Q: What is QNX Cabin?

Mulaosmanovic: Digital cockpits are a huge factor in many consumers' purchasing decisions when they are in the market for a new car, so we wanted to create a cloud-first development solution that enables developers to easily deliver next generation in-cabin systems. QNX Cabin is a development environment solution for OEMs to develop digital cockpits that effortlessly transition between cloud-based and SoC-based environments. It comprises a QNX product portfolio with additional components to reduce development costs and accelerate time-to-market.

Q: What problems is QNX Cabin solving for?

Mulaosmanovic: There are a few primary challenges we are solving for when it comes to development of vehicle cockpit experiences.

First is reducing development costs and time-to-market. OEMs and Tier 1’s are investing heavily in vehicle cockpit experiences that include the instrument cluster and the infotainment screens used by both the driver and their passengers. It's critical that they manage development costs while still accounting for management of feature sets and costs across different makes and models, as well as keeping up with the rapid evolution and churn of the software technologies that make up the infotainment “stack”. QNX Cabin as a development solution solves for this by shifting development to the left, catching problems early with cloud-based digital twins, and reducing development time from years to months so OEMs can get their cockpit experience to the market much faster.

The second challenge is scaling development and testing across global teams. Most OEMs have large, worldwide distributed teams, and moving development to the cloud helps them scale and collaborate globally in the development and testing phases regardless of their physical location.

And the third challenge we’re solving is consolidating fragmented systems. The automotive market is very fragmented and everything is customized, making it hard to standardize technology across the industry. Our QNX Cabin concept provides an example of how you can use industry standards like VirtIO and benchmark technology like Unity’s engine to pull together all the pieces and provide a cohesive in-cabin experience and enable cockpit designers to build - and test - the solution virtually before it exists physically.

QNX Cabin architecture diagram
Image courtesy of QNX

Q: How does Unity fit into the delivery of the QNX Cabin experience?

Ethier: The vision of using Unity with QNX Cabin was to showcase what you can do with an advanced graphics runtime environment on top of the QNX Cabin, which you can watch in the video demonstration above.

There are two use cases for using Unity:

  1. Running Unity directly on the QNX OS
  2. Running Unity inside of a virtual machine running inside the QNX hypervisor

We have some unique features with the QNX OS and graphics subsystem including rich APIs to be able to control and manage graphical windows or buffers from both native apps and guest virtual machines, so we wanted to put a Unity frontend to that. We created a plugin for Unity to utilize our graphics APIs to be able to manage windows coming from applications running both natively on QNX OS and in guest operating system virtual machines. These applications are then visible in the Unity-powered 3D environment.

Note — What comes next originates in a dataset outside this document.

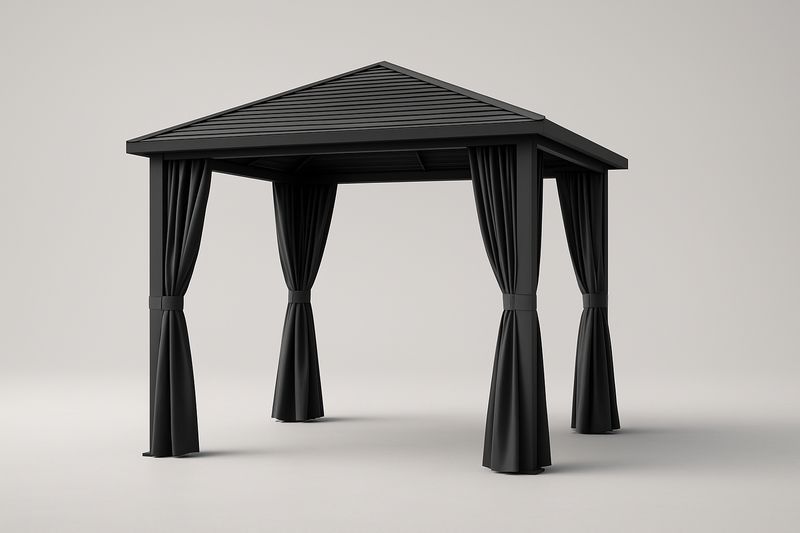 Pergola 3x3 m Noir - Structure acier et toit aluminium avec rideaux polyester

It can also be applied to other experiences, for example we recently ran a virtual factory mixed reality demonstration with a real robot integrated with a digital version of the robot in the Unity virtual world. We see a lot of synergies with customers in the automotive space, both for runtime on the QNX OS as well as in general embedded and simulation environments.

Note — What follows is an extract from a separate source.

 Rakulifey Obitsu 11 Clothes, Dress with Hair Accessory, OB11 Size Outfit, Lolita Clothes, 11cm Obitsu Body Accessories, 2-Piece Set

Q: Why has QNX chosen to collaborate with Unity for this cabin demo?

Ethier:

The first use for this demo was at the 2025 Consumer Electronics Show- and as you know, everything there needs to be visually impressive. This was running on a huge 81” 5k touch-monitor, and it looked gorgeous with smooth, rich, immersive graphics and 3D animation which was a function of the Unity engine. But more importantly, the demo featured 13 different video playback surfaces-everything from smart mirrors and interactive cameras to screens that are showing live streaming video content to others running industry standard 3D graphics benchmarks. Pulling all of that together in a very visually appealing and interactive format- you could change things like HVAC settings and start and stop playback on the various screens in real time- really drove home the power of QNX Cabin to be able to deliver the next-gen digital cockpit experiences that OEMs are looking for.

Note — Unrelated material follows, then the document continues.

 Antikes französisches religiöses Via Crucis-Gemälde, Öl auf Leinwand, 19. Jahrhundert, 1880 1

Q: What’s the bridge between this Cabin demo and a future real-world application?

Mulaosmanovic: The QNX Cabin concept gives OEMs a tangible glimpse into how digital cockpits can evolve, by visualizing what a future car dashboard will look like before it goes into production, and how interactive they will be. By continuing to collaborate with Unity, we aim to refine these capabilities, not just for automotive production, but also across related industries like robotics, rail transportation, and other digital twin and simulation applications across the Internet of Things.